(Stored items from a collection)

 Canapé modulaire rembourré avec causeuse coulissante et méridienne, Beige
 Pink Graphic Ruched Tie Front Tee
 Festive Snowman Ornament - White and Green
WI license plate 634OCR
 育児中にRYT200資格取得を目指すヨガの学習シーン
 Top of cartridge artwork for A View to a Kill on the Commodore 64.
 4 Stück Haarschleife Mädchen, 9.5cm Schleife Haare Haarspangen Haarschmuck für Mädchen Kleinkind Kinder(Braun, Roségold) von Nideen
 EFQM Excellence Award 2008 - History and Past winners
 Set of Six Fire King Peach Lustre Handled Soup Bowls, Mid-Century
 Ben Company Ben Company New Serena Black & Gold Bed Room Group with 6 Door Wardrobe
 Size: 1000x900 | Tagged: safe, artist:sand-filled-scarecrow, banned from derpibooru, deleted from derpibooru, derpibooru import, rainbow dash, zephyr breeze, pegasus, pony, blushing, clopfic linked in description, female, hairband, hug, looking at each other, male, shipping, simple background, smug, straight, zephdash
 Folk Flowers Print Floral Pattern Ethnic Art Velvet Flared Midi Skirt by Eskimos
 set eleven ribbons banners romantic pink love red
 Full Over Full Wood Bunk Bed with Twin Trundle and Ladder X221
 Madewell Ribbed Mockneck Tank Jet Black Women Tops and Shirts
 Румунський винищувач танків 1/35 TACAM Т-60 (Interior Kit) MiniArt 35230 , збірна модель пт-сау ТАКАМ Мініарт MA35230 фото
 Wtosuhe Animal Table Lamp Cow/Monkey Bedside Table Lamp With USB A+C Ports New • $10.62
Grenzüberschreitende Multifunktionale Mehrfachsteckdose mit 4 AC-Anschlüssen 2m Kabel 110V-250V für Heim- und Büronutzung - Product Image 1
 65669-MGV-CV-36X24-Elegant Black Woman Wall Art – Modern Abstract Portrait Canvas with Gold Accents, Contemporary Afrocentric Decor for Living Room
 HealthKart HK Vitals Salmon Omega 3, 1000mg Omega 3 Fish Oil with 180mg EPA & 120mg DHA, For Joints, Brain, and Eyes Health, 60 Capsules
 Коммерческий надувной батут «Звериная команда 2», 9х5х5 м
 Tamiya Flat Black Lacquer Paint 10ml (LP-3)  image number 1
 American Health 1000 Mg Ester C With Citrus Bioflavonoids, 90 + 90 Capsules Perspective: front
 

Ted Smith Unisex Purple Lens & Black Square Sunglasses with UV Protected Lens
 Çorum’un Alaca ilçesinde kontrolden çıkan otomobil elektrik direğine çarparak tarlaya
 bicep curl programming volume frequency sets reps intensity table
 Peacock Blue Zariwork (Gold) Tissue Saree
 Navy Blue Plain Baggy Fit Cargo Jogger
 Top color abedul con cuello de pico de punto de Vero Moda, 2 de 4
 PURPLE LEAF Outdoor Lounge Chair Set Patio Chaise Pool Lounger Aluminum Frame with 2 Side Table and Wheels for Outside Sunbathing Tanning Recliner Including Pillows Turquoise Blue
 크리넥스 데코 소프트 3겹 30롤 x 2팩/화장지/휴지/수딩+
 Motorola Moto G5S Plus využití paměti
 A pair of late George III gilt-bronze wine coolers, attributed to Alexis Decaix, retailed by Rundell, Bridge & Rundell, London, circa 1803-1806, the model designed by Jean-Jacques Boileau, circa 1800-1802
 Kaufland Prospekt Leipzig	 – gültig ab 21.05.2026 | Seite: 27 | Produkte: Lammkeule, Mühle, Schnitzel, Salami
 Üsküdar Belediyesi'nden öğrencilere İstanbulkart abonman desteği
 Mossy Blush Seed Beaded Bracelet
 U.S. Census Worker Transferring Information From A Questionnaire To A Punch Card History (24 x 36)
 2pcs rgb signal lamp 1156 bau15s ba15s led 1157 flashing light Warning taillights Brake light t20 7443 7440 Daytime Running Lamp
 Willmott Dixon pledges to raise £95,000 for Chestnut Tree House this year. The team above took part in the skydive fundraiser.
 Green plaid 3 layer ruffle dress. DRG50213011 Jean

» Instructions for the task
Exactly as they appear, retype the lines from the start of the records through the line containing "Ben Company Ben".

» Finished exercise
 Canapé modulaire rembourré avec causeuse coulissante et méridienne, Beige
 Pink Graphic Ruched Tie Front Tee
 Festive Snowman Ornament - White and Green
WI license plate 634OCR
 育児中にRYT200資格取得を目指すヨガの学習シーン
 Top of cartridge artwork for A View to a Kill on the Commodore 64.
 4 Stück Haarschleife Mädchen, 9.5cm Schleife Haare Haarspangen Haarschmuck für Mädchen Kleinkind Kinder(Braun, Roségold) von Nideen
 EFQM Excellence Award 2008 - History and Past winners
 Set of Six Fire King Peach Lustre Handled Soup Bowls, Mid-Century
 Ben Company Ben Company New Serena Black & Gold Bed Room Group with 6 Door Wardrobe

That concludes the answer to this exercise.